About this task. Locate the line bearing "Art Deco Pluviose" in the material below, then reproduce it and each following line up to and including the line bearing "Hoodie KANGAROOS Gr.".

Dataset records.
--------------------------------------------------

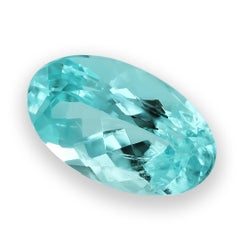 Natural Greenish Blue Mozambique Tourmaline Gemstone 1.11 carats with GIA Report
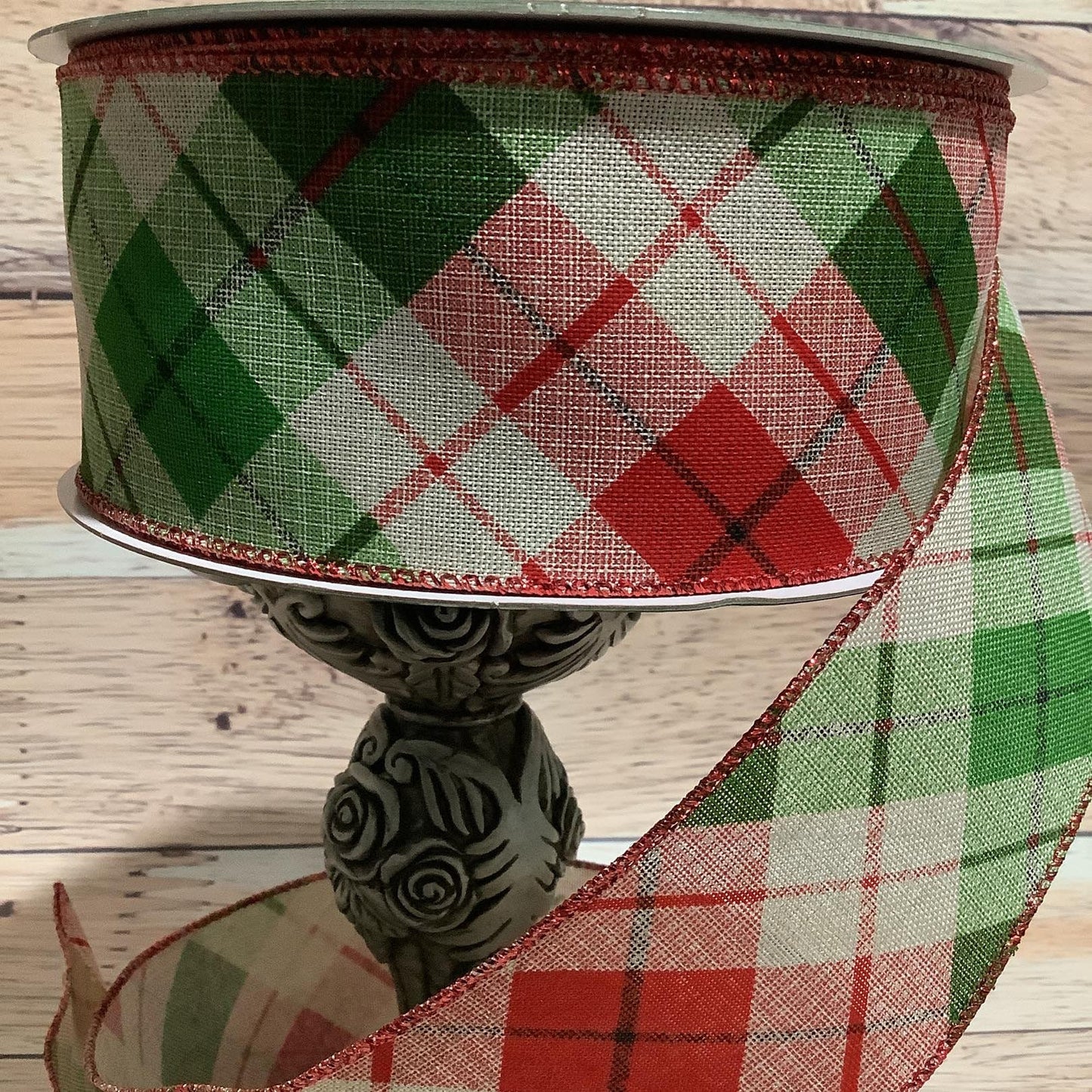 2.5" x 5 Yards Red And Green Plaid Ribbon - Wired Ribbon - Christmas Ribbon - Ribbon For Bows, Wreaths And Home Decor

--------------------------------------------------

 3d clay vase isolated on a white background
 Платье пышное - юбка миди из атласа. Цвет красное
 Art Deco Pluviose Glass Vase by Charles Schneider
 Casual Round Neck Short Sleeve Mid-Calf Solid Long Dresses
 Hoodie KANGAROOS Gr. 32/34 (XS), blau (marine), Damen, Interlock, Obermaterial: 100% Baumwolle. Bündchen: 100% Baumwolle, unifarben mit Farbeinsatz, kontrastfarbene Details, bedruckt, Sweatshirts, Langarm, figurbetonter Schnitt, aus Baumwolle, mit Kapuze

--------------------------------------------------

Answer space.
 Art Deco Pluviose Glass Vase by Charles Schneider
 Casual Round Neck Short Sleeve Mid-Calf Solid Long Dresses
 Hoodie KANGAROOS Gr. 32/34 (XS), blau (marine), Damen, Interlock, Obermaterial: 100% Baumwolle. Bündchen: 100% Baumwolle, unifarben mit Farbeinsatz, kontrastfarbene Details, bedruckt, Sweatshirts, Langarm, figurbetonter Schnitt, aus Baumwolle, mit Kapuze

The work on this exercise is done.